Dans le train, Célestin regarde, les yeux dans le vague, une photo sur laquelle se trouve Mathilde et leur jeune fils, Marcel. Les reverra-t-il seulement… ? Sur le front, la guerre est impitoyable, sale, meurtrière. Celestin voit ses camarades tomber un à un. Lors d’un repli, il sent une vive douleur dans un mollet. Il s’effondre. Lorsqu’il se réveille, hagard, des brancardiers l’embarquent. Il n’a plus de mâchoire inférieure ni de langue, et on doit l’amputer d’une jambe. À la douleur physique s’ajoute une douleur psychologique : hanté par le souvenir de la guerre, lourdement handicapé, au seuil de la mort, Célestin a le sentiment de faire peser sur son épouse et sur son fils le poids de ses tourments.
Le principal atout de cette première bande dessinée de Julien Langlais, issu de "l’académie Delcourt", réside dans la capacité à nous faire vivre la souffrance de Célestin dans sa chair et dans son esprit, à travers des plans subjectifs opportunément choisis. Le récit est construit de façon en apparence décousue, car se mêlent des bribes de souvenirs et des espoirs, entre les tranchées et la salle de soins, dans un ordre pas toujours chronologique. De la sorte, si ce n’est pas toujours très clair, c’est comme si le lecteur était happé par la propre désorientation du personnage principal.

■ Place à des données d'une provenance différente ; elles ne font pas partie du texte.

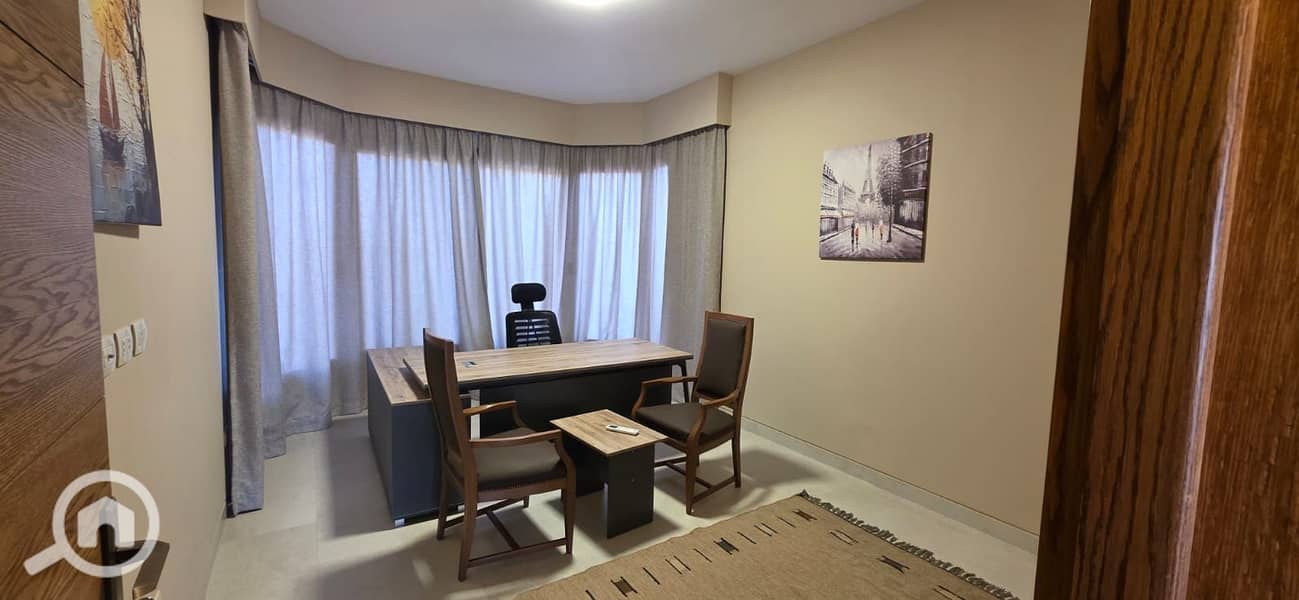 9 WhatsApp Image 2026-01-29 at 11.35. 08 AM (3). jpeg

Pour le reste, le dessin est réaliste, dans des tonalités souvent pâles, qui insistent beaucoup - trop ? - sur les corps affreusement mutilés des "gueules cassées". Les visages des personnages sont étonnamment familiers, comme si on les avait déjà rencontrés, mais surtout comme s’il était difficile de sortir de certains codes obligés pour représenter cette époque.
L’album, en dépit de quelques maladresses inhérentes à un premier travail d’ampleur, ne laisse pas indifférent et laisse entrevoir un potentiel intéressant chez Julien Langlais.